Investigators focus on ‘design problem’ with braking system after Chicago train crash

CHICAGO– Federal safety officials investigating a Chicago commuter train accident that injured nearly 40 people when it collided with snow-clearing equipment are focusing on a “design problem” with the braking system.

National Transportation Safety Board Chairman Jennifer Homendy said the Chicago Transit Authority train was traveling at 43.3 kilometers per mile Thursday when it struck snow-clearing equipment, which was on the tracks to provide training for the winter season.

She said that based on preliminary information, she believes equipment, with six CTA employees on board, was stopped when the train struck it.

Homendy said the NTSB’s initial calculations, based on the train’s speed and other factors such as the number of passengers on board, indicate the train was designed to stop within 1,800 feet (542.5 meters) to prevent anything in its path. to avoid. But that didn’t happen and the plane crashed into snow removal equipment.

“Our team was able to determine that it was in fact a design issue. The braking distance should have been longer,” she said during a briefing with reporters on Saturday, adding that a “brand new” system on the same tracks would have had to stop 837 meters to avoid a crash.

Homendy said NTSB investigators are “very focused on the design issue and the braking and why the train did not stop.” She said they are also assessing CTA’s braking algorithm to determine if it is sufficient.

Investigators know the train’s wheels skidded as the conductor was slowing the train prior to impact and they have found thick, black “debris” on the tracks that are still being examined, she said.

Homendy said the NTSB determined there was nothing wrong with CTA’s signaling system and the way it communicated with the train, but cautioned again that this is a preliminary finding that could change.

CTA records show there were 50 other times in November when trains had to slow because other equipment stopped on the tracks ahead, none of which resulted in a crash, Homendy said.

She said investigators can’t yet say whether other CTA trains have similar braking system problems, but she emphasized that CTA’s system is safe.

‘I would take the train tonight and tomorrow.

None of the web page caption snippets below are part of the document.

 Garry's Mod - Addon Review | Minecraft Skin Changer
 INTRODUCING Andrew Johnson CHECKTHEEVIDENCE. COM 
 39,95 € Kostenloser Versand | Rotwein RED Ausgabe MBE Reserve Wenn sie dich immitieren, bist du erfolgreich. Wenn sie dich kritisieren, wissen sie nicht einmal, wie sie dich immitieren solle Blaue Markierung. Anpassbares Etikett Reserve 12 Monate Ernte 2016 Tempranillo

I don’t worry about safety when I take the train,” Homendy said, noting that 43,000 Americans die in car accidents every year.

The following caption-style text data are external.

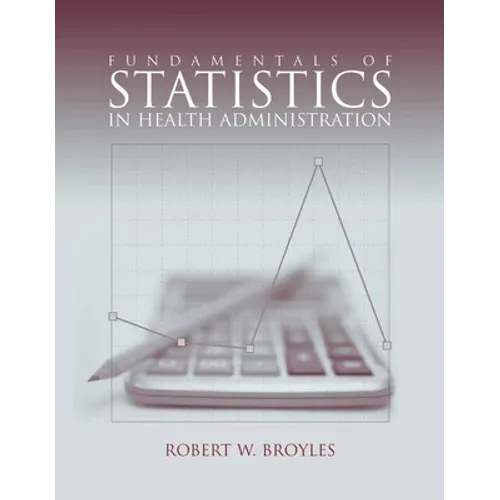 Fundamentals of Statistics in Health Administration: .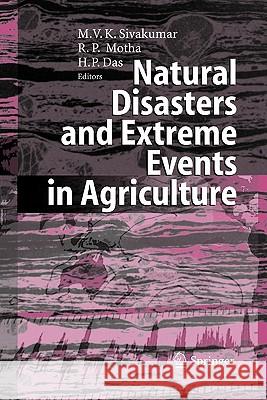 Natural Disasters and Extreme Events in Agriculture: Impacts and Mitigation Sivakumar, Mannava Vk 9783642061332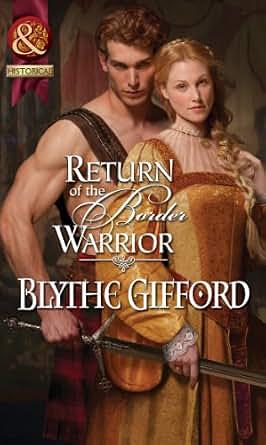 Return Of The Border Warrior by Blythe Gifford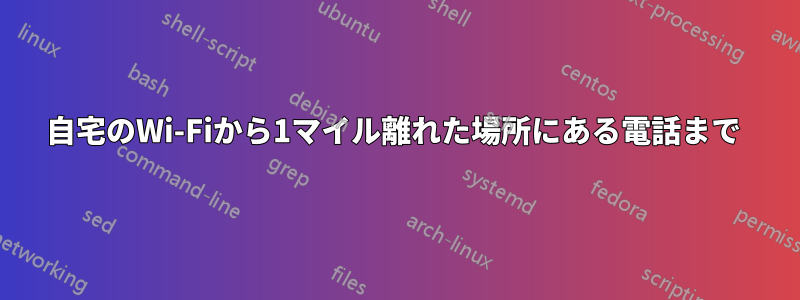 自宅のWi-Fiから1マイル離れた場所にある電話まで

Homendy said Friday that the NSTB will likely need a year to 18 months to prepare a final report with an analysis of what happened, conclusions and recommendations.

In Thursday’s accident, the CTA train was traveling south from Skokie when it rear-ended snow removal equipment on Chicago’s north side. Thirty-eight people were injured; 23 were taken to area hospitals. No one suffered life-threatening injuries, officials said.